Globalist Analysis > Global Business
What Is Wrong With Shanghai? (Part II)
 

By Yasheng Huang | Thursday, March 19, 2009
 

Although Shanghai has a high capacity for invention, its nascent culture of entrepreneurship means that the city's patents have little effect on the city’s overall economy. In this Globalist Bookshelf selection from "Capitalism with Chinese Characteristics," Yasheng Huang explains why Shanghai exhibits the classic Soviet syndrome of being inventive but not innovative.


hanghai is particularly poor in innovative activities that convert inventions into useful commercial applications, as compared with the neighboring entrepreneurial areas of Zhejiang and Guangdong.

Shanghai exhibits the classic Soviet syndrome — it is inventive but not innovative.

There is an important distinction between being inventive and being innovative: Inventions are acquisitions of capabilities without reference to their underlying market value. Innovations are acquisitions that are motivated by a realization of market values.

A top-down bureaucratic system, such as that in the former Soviet Union, can be quite inventive because of massive investments in science and technology by the government.

The problem is that the Soviet economy was not innovative in new technologies and processes — because it failed to convert the scientific breakthroughs into useful commercial applications. The massive R&D expenditures had very little effect on the economy as a whole.

Shanghai exhibits the classic Soviet syndrome — it is inventive, but not innovative. In 2005, universities, research institutes and government agencies in Shanghai were granted 1,895 patents. This is substantially more than in Zhejiang (841) and Guangdong (644), despite the fact that Zhejiang and Guangdong both had larger total patent counts.
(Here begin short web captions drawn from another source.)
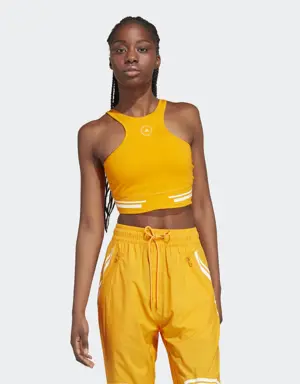 by Stella McCartney TruePace Running Crop Top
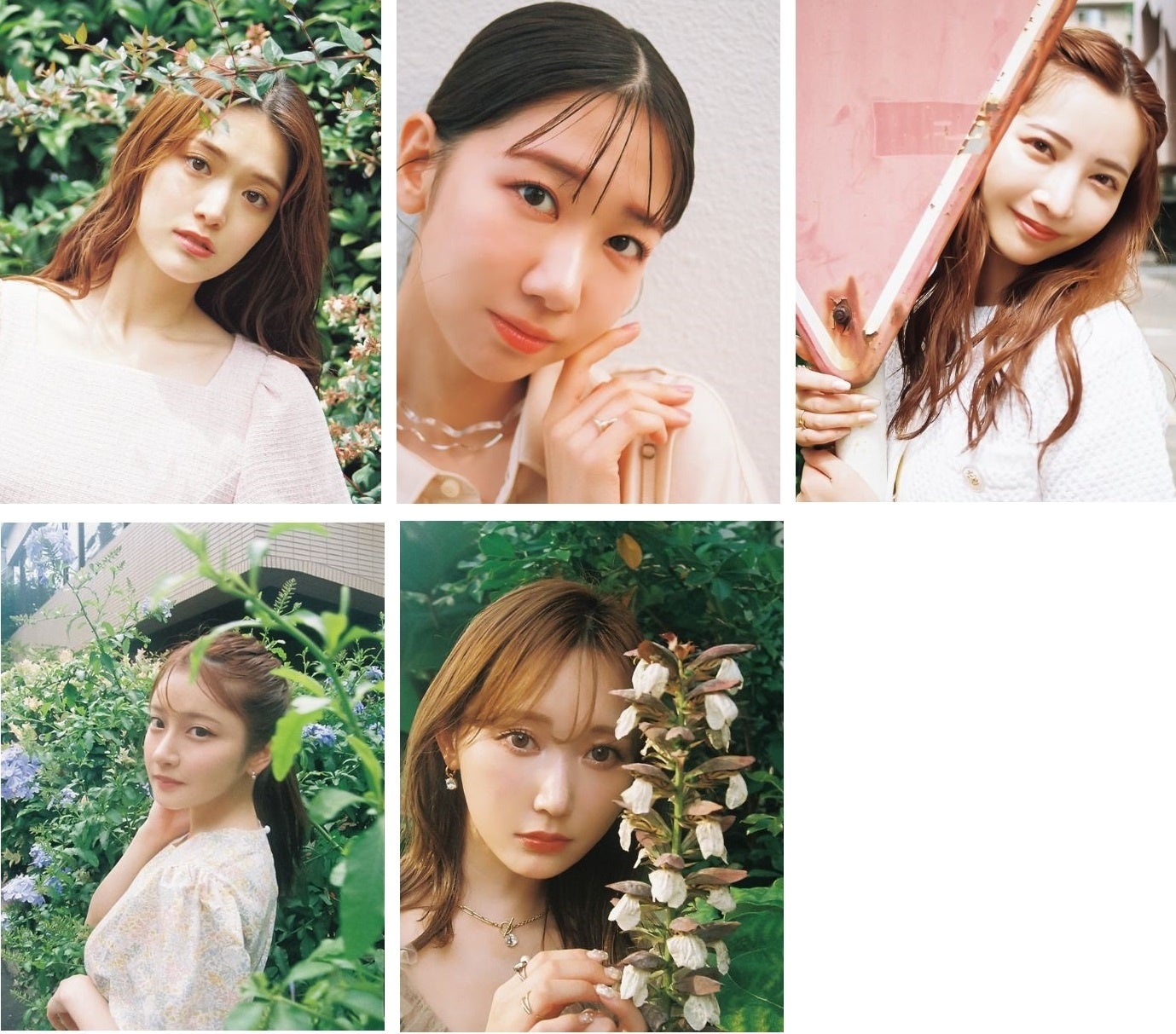 表紙は、小芝風花！ 『bis』2023年9月号発売のサブ画像8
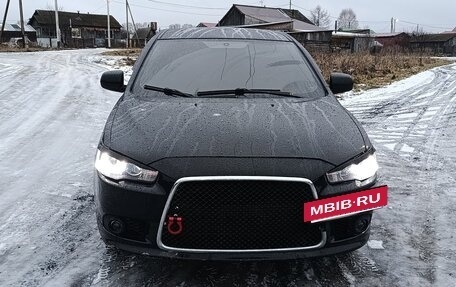 Mitsubishi Lancer IX, 2008 год, 830 000 рублей, 7 фотография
Because these are non-profit institutions, these are inventive activities without reference to their market value. Shanghai under-performed in the more market-oriented patenting categories.
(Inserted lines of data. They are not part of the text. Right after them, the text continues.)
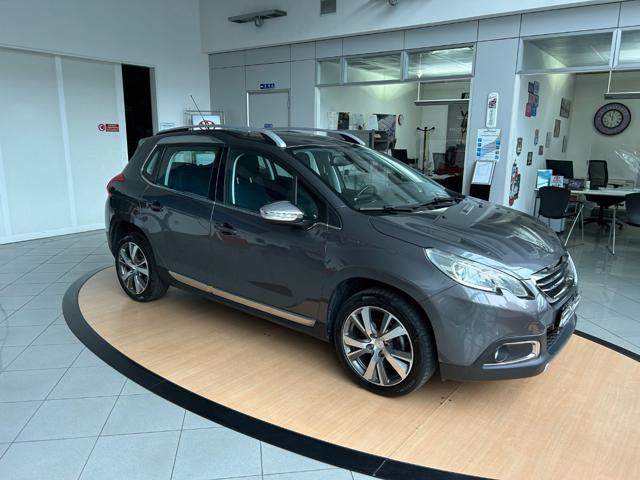 PEUGEOT 2008 1.6 e-HDi 92 CV Stop&Start ETG6 Allure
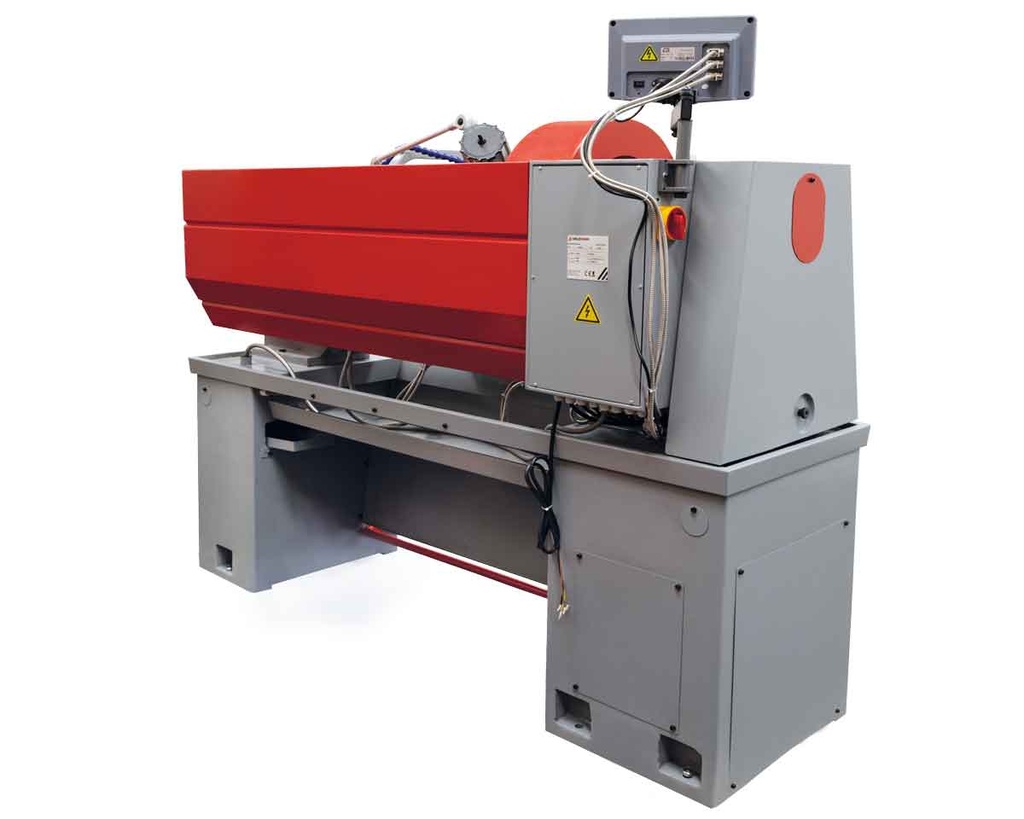 Metal Lathe with 3-Axis Digital Readout  (5)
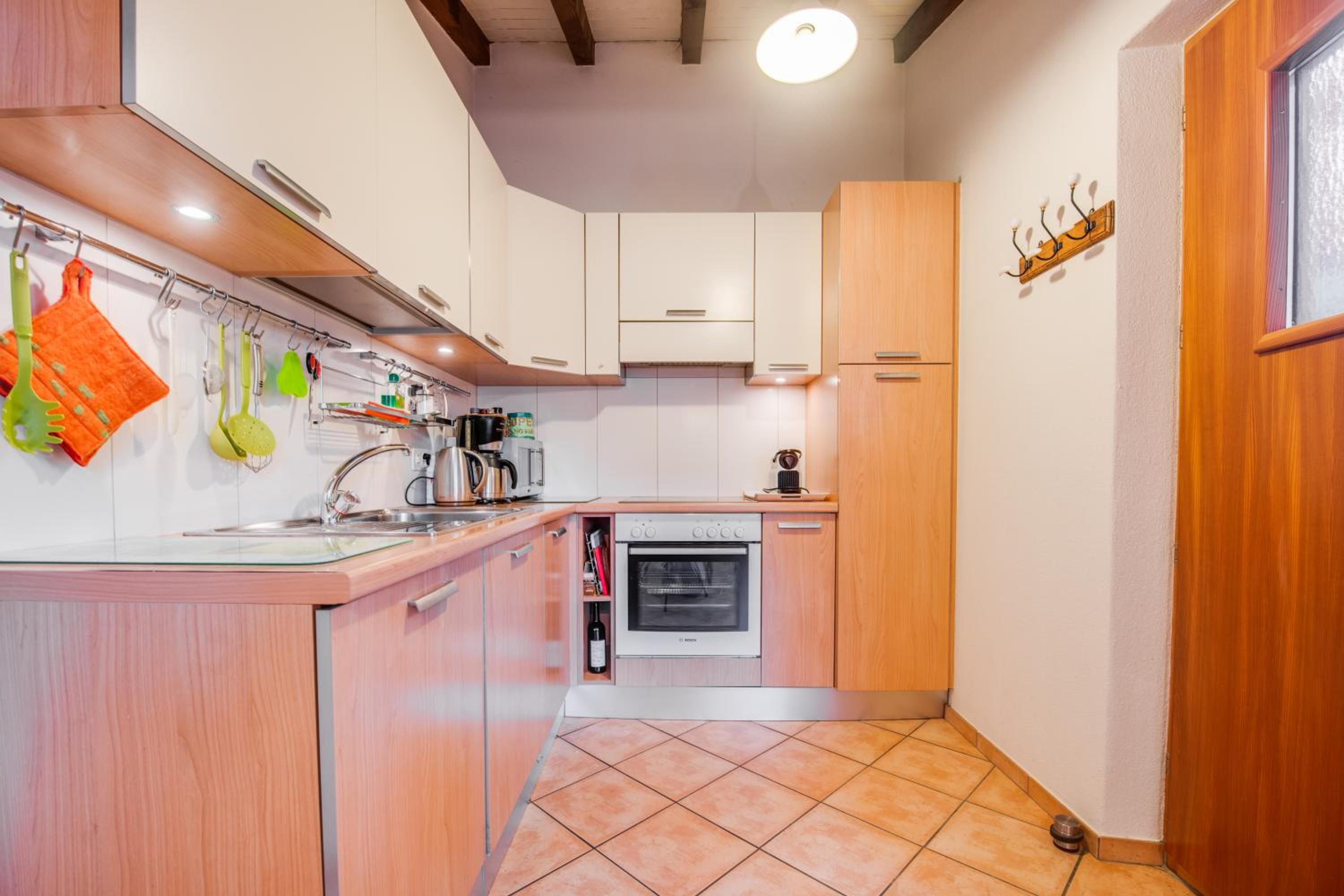 Casa Aries & Studio Aurora - mit Pool, in Cavigliano nur 8 km von Ascona und Locarno entfernt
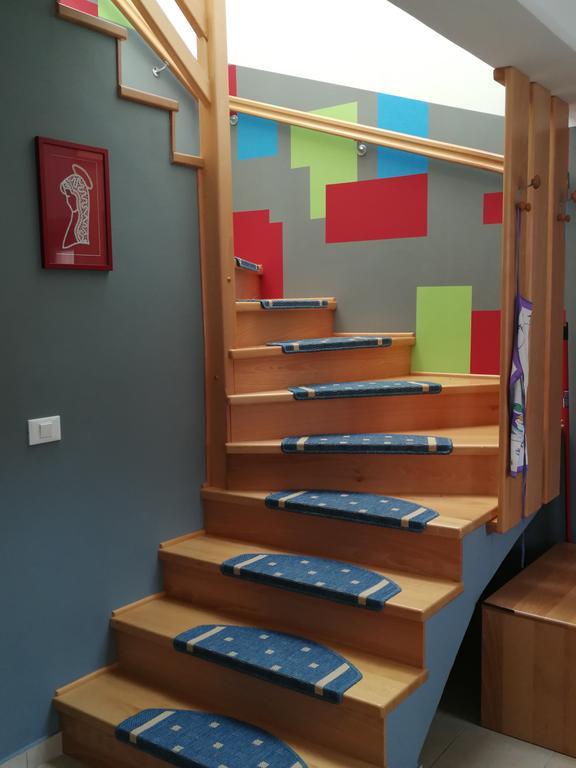 Hisa Kranjc Apartamento Kobarid Exterior foto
In 2005, there were 8,486 patents granted to firms in Shanghai — but there were 11,518 granted to firms in Guangdong. (Zhejiang had far fewer than Shanghai, at 3,892.)

The average Shanghainese are the richest proletariat in the country — but among the poorest capitalists in the country.
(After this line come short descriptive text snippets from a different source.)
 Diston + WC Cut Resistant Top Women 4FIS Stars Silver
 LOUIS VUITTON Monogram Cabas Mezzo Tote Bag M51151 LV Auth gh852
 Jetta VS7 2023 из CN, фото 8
The greatest difference between Shanghai and these two other provinces lies in the number of individual patent grantees. In 2005, Shanghai had only 2,222 individual patent grantees. This does not even begin to compare with Zhejiang (14,333) or Guangdong (24,732).

In one respect, Shanghai is fundamentally different from — and superior to — the former Soviet Union: Shanghai is open to foreign direct investment (FDI). So, the question is not whether it matters to have entrepreneurs — but whether it matters not to have indigenous entrepreneurs.

The answer is still yes, although the reasoning is a bit more complicated. The essence of the Shanghai model is to restrict the opportunities for Shanghai residents to become capitalists — but to create an efficient and attractive platform for foreign capitalists to set up production facilities.

This explains the paucity of asset returns to the average Shanghai households in household survey data. The low entrepreneurial income is partially compensated for by the fact that multinational companies can offer a substantially higher level of wages than the majority of indigenous entrepreneurs.

This again is consistent with household survey data that show the average Shanghai resident to have the highest wage level in the country. The average Shanghainese are the richest proletariat in the country — but among the poorest capitalists in the country.

The most detrimental aspect of the Shanghai model is that it has damaged the ability of local firms to attract top human talent.

So, one can argue that it is a wash — that lower profit incomes are made up for by higher current wage incomes.

The Shanghai model will come back to haunt Shanghai if there is an external shock. One form of such an external shock might be the rise of India as an attractive FDI location, or the rise of other regions in China that can compete with Shanghai. Local firms have a home bias in that they have a preference to operate in their home base.

The most detrimental aspect of the Shanghai model is that it has damaged the ability of local firms to attract top human talent.

One of the few ways that local entrepreneurial businesses can successfully compete with the deep-pocketed multinational companies in the talent market is that they can offer greater future payoffs — stock options or career paths to the top of the corporate hierarchy.

This is basically how Indian firms, such as Infosys and Wipro, were able to compete with IBM and GE to recruit and retain the best engineering talent in the country.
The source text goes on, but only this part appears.